A Argentina conta com vantagens importantes na disputa pelo mercado brasileiro: está geograficamente muito próxima, vende seus produtos com isenção de tarifa por conta dos acordos do Mercosul, e possui um câmbio artificialmente desvalorizado. O dólar está cotado hoje a R$ 2,00 no Brasil e a 3 pesos na Argentina. Os chineses, no entanto, conseguem ser mais competitivos. Sérgio Vale, economista da MB Associados, explica que a China leva vantagem graças aos baixos salários, à expressiva escala e à produtividade das fábricas.

Ribeiro, da Funcex, aposta que o Brasil vai amargar déficit com a China em 2007, depois da euforia provocada pelos robustos superávits dos últimos anos. Em 2003 - ano em que ocorreu o boom de exportação de commodities para a China e no qual o presidente Luiz Inácio Lula da Silva visitou o país - o Brasil apurou superávit de US$ 2,3 bilhões nas trocas com os chineses. Desde então, as exportações brasileiras cresceram 24% em média, o que é um bom resultado, mas as vendas de produtos chineses avançaram 55% ao ano. Resultado: o superávit do Brasil com a China encolheu para US$ 410 milhões em 2006.

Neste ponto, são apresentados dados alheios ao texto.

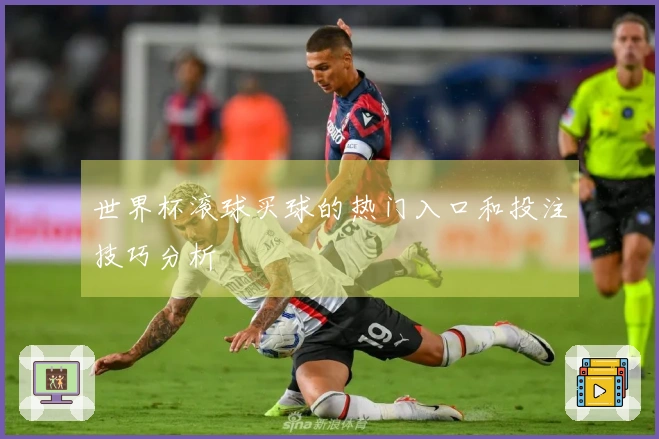 世界杯滚球买球的热门入口和投注技巧分析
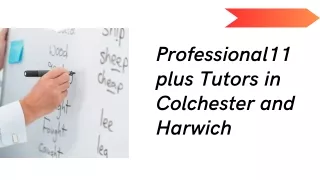 Professional 11 plus Tutors in Colchester and Harwich
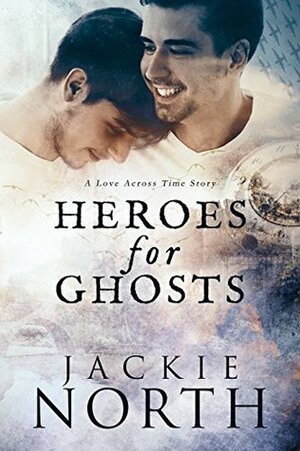 Heroes for Ghosts by Jackie North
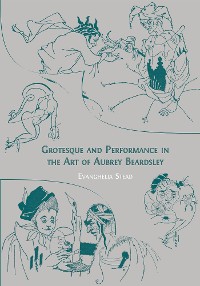 Cover Grotesque and Performance in the Art of Aubrey Beardsley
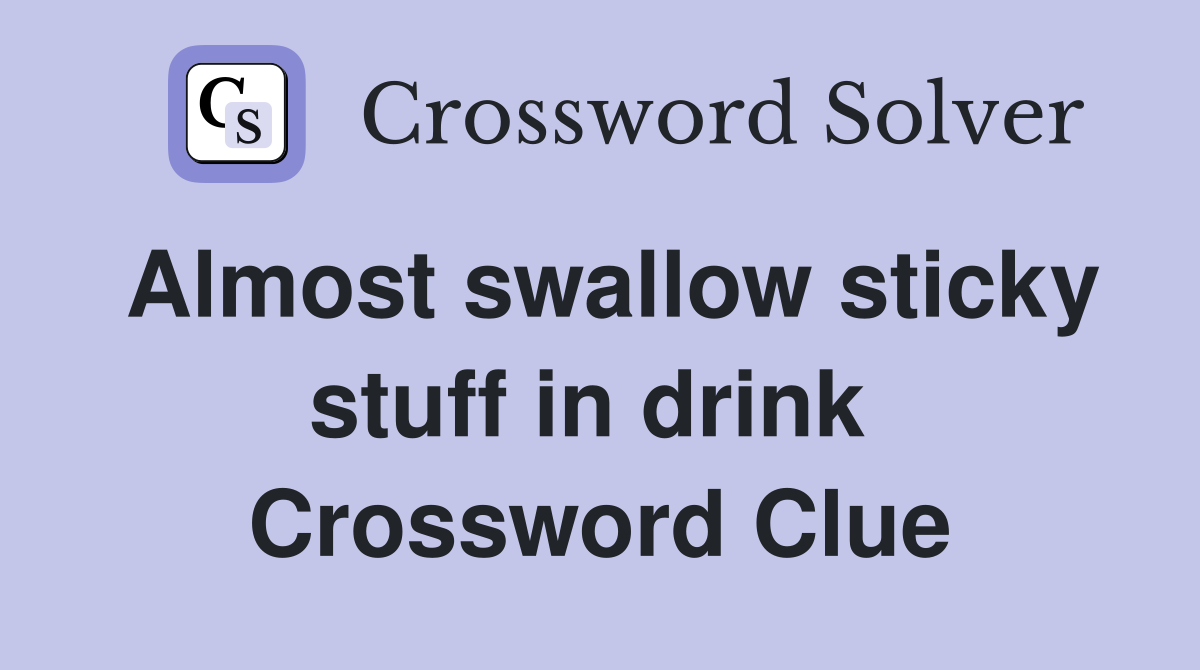 Almost swallow sticky stuff in drink  Crossword Clue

"Os chineses são importantes produtores de itens populares, segmento no qual o consumo está crescendo", diz Callegari, do JP Morgan, referindo-se aos efeitos dos programas de transferência de renda do governo Lula para a renda da população mais pobre. Vale, da MB, acredita que a China pode eventualmente ultrapassar até os EUA, hoje líderes isolados nas vendas para o Brasil, com US$ 14,8 bilhões. "No momento em que a China produzir itens com tecnologia mais elevada, isso pode acontecer", diz.

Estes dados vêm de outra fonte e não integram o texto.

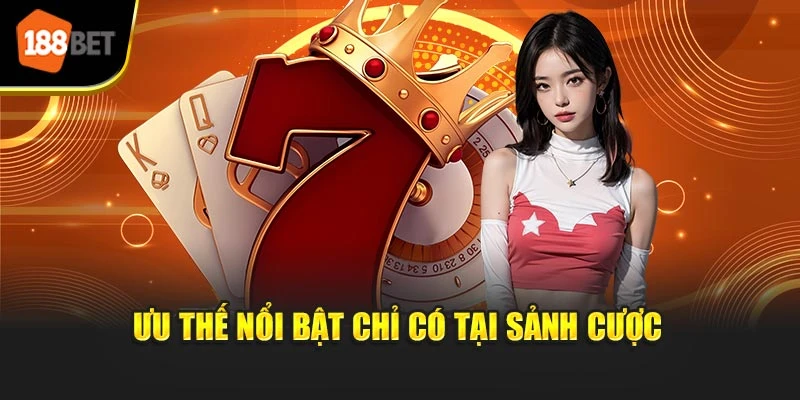 Ưu thế nổi trội chỉ có tại sảnh cược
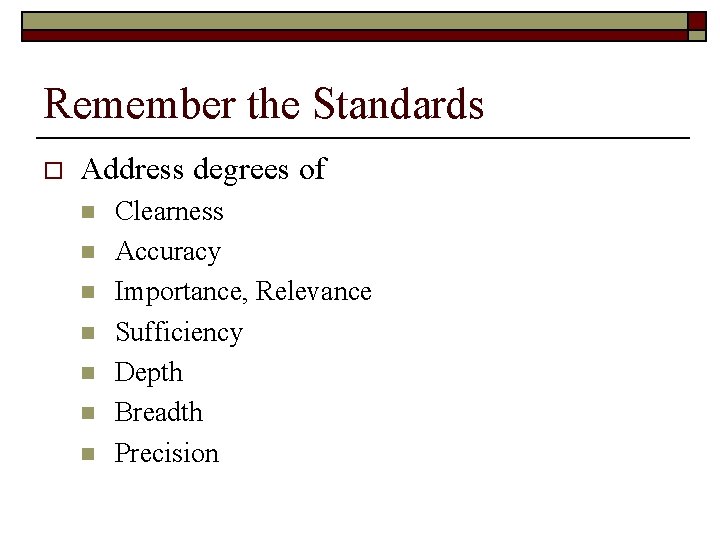 Remember the Standards o Address degrees of n n n n Clearness Accuracy Importance,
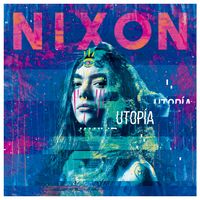 Nixon - Utopía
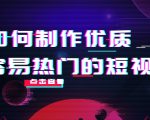 如何制作优质容易热门的短视频：别人没有的，我们都有 实操经验总结-云帆项目库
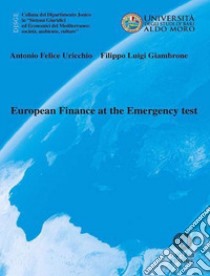 European finance at the emergency test libro di Uricchio Antonio Felice; Giambrone Filippo Luigi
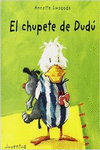 EL CHUPETE DE DUD�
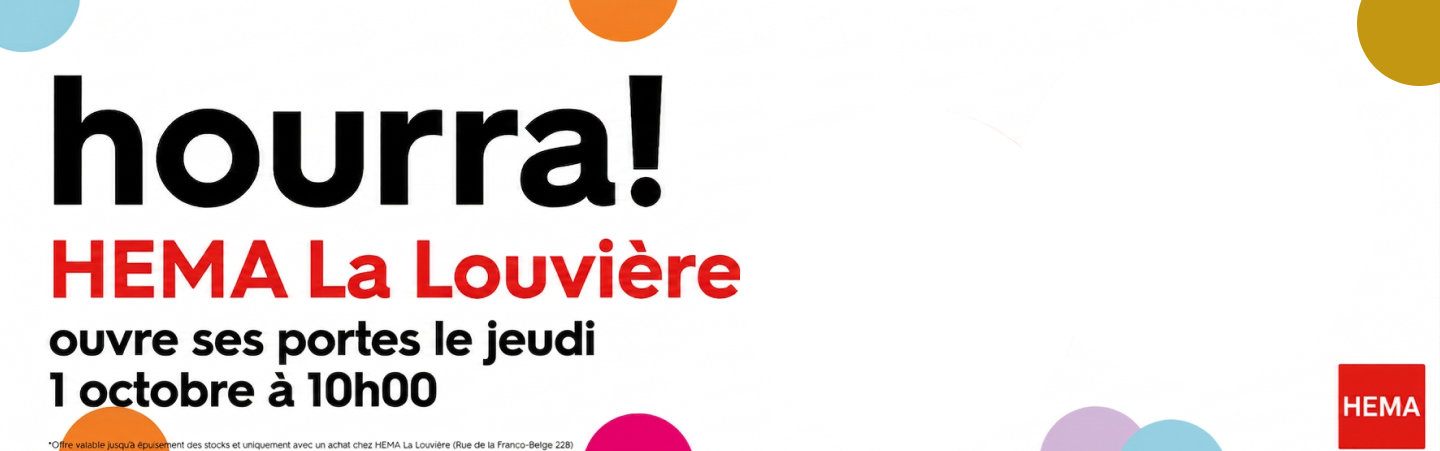HEMA ouvre son nouveau magasin au Shopping cora La Louvière !
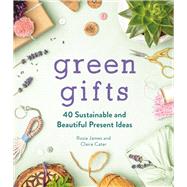 ISBN 9781789293210 product image for Green Gifts 40 Sustainable and Beautiful Present Ideas | upcitemdb.com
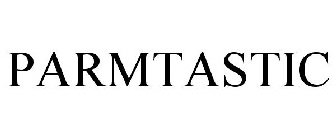 PARMTASTIC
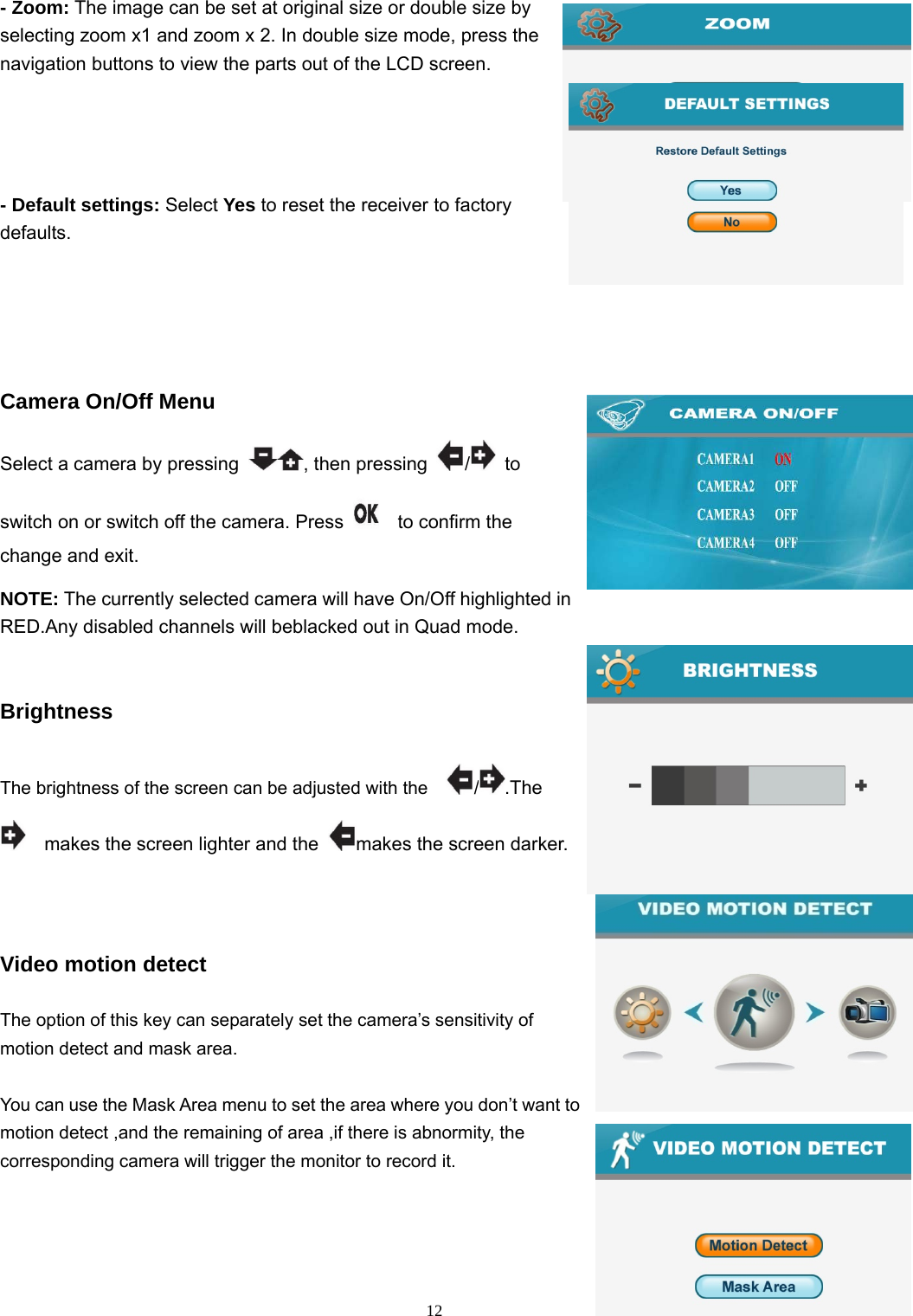  12- Zoom: The image can be set at original size or double size by selecting zoom x1 and zoom x 2. In double size mode, press the navigation buttons to view the parts out of the LCD screen. - Default settings: Select Yes to reset the receiver to factory defaults.   Camera On/Off Menu Select a camera by pressing  , then pressing  / to switch on or switch off the camera. Press     to confirm the change and exit.   NOTE: The currently selected camera will have On/Off highlighted in RED.Any disabled channels will beblacked out in Quad mode.  Brightness The brightness of the screen can be adjusted with the    / .The     makes the screen lighter and the  makes the screen darker.  Video motion detect The option of this key can separately set the camera’s sensitivity of motion detect and mask area. You can use the Mask Area menu to set the area where you don’t want to motion detect ,and the remaining of area ,if there is abnormity, the corresponding camera will trigger the monitor to record it.  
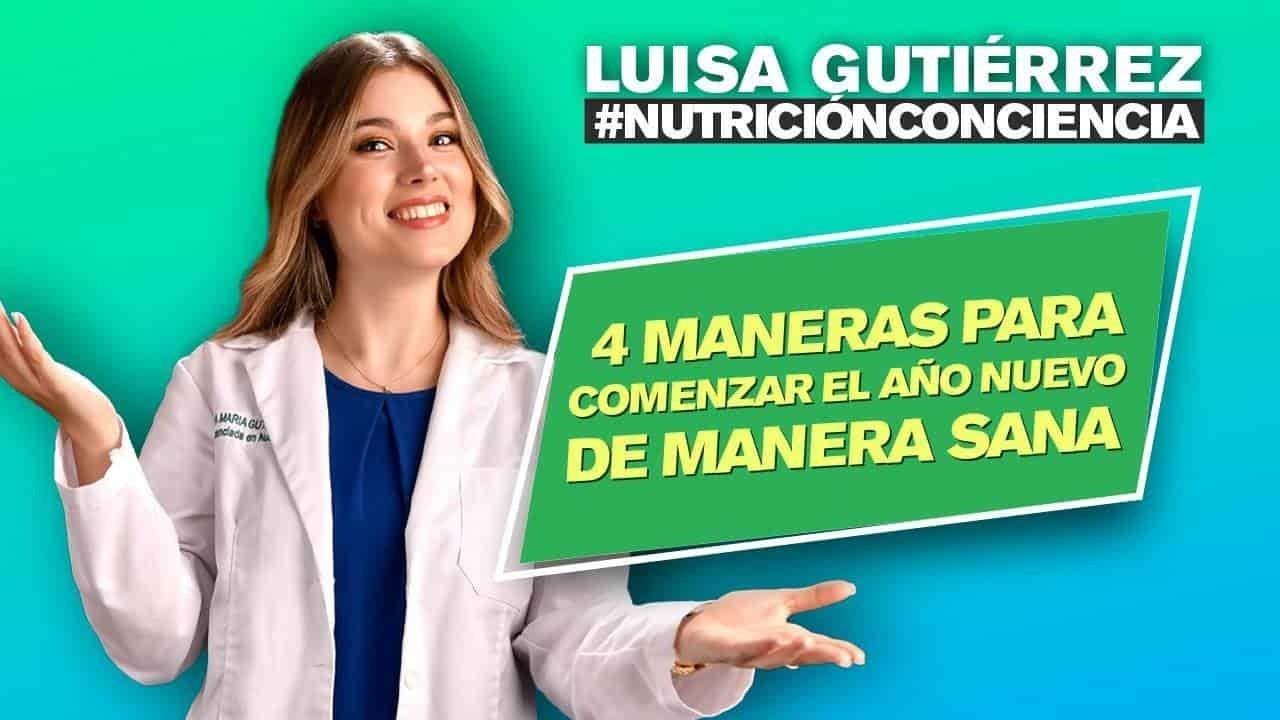 Nutrición ConCiencia: 4 maneras para comenzar el Año Nuevo de manera sana.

Já com a Argentina, que consome os manufaturados brasileiros, o Brasil conquistou um importante superávit. Em 2002, o saldo de US$ 2,4 bilhões estava a favor dos argentinos. Com a desvalorização da moeda brasileira em 2003, as posições se inverteram. A Argentina amargou prejuízos de US$ 3,6 bilhões nas trocas com o Brasil em 2005 e em 2006. Como atualmente o câmbio é favorável à Argentina, esse jogo pode até virar novamente, mas deve demorar um pouco.

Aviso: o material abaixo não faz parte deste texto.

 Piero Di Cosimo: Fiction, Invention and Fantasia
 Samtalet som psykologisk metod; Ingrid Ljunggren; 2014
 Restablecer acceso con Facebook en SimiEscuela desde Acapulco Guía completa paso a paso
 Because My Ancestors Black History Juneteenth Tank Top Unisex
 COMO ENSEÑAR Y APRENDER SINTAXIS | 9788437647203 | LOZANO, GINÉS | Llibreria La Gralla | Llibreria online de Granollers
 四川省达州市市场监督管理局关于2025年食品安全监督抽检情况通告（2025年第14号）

Os analistas acreditam que a maior presença de manufaturados chineses nos mercados brasileiro e argentino não deve ser motivo para divergências entre os dois países, que algumas vezes se vêem mais como adversários do que como sócios. "Argentina e Brasil têm que enfrentar o problema da China conjuntamente", diz Scarlan, da Abeceb.com. Em 2006, a China obteve um superávit comercial com o mundo de US$ 177,5 bilhões, um recorde que assusta corredores experientes. E Brasil e Argentina ainda são iniciantes na maratona do comércio mundial.